Just roared back into town from Gary Halbert’s big damn Miami seminar, and I’m hesitating only briefly before roaring off again for Carl Galletti’s event in Las Vegas this weekend.
I’ll be sharing some of the cool stuff I’ve learned in future posts. No time right now, though — I’ve got a huge project that just went sideways due to technological glitches.
Actually, it’s worse than going sideways. More like jumping off the track, rolling over into a ditch, and disappearing in quicksand.
We’ll get it fixed, but blood, sweat and tears are required. My sleeves are already rolled up. Let the technological exorcism begin.

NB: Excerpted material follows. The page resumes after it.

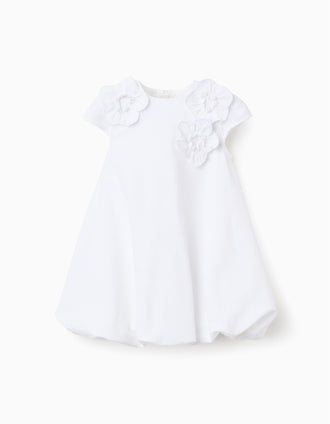 Cotton dress with balloon effect for newborn and baby girls, white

Here’s one fast tidbit: Email, as marketers have known and loved it, is forever gone as a simple, easy, no-hassle way to contact prospects.
Spam filters are gobbling up emails from your grandmother, and joints like AOL are now armed camps, suspicious of everything and shooting first while asking questions later.
Michel Fortin (one of the speakers at the seminar) has done more real-world testing on this newly-evolving problem than anyone else I know. His answer: Use short — VERY short — non-html emails that lead to a link within the first paragraph.
I’ve used this tactic before, just because I loved the “tease” element of leaving a sentence unfinished. (“What’s the answer to this burning question? That’s easy. It’s… “)
Plus, when I write a pitch, I do not want to be hampered by the limitations of email — there are design issues, length issues, “taboo” word issues, yadda yadda yadda. Screw that.
Once you’ve sent your prospect to your link, you can warble on to your heart’s content.
Simple tactic. But it can ameliorate some of the pain if you’ve seen dramatic drops in response to emailed sales messages. (As almost all marketers have recently.) The real problem, of course, is getting white listed on the major email systems, like hotmail and AOL, and they’re just being bastards about large campaigns. Even mailers who follow all the rules (including providing double-proof of opt-in names) are getting blacklisted.
The Web — it’s an ever-evolving funhouse of horrors.
My friend Harlan has done great research on this problem, and I’ll have more to say about it when I get back.
Okay, I gotta go. I may post again, even from Vegas. There’s something urgent and important going on that few people have a clue about right now… and I want to be one of the first to blow the cover off it.
It’s hot stuff. The money at stake is just ridiculous, too.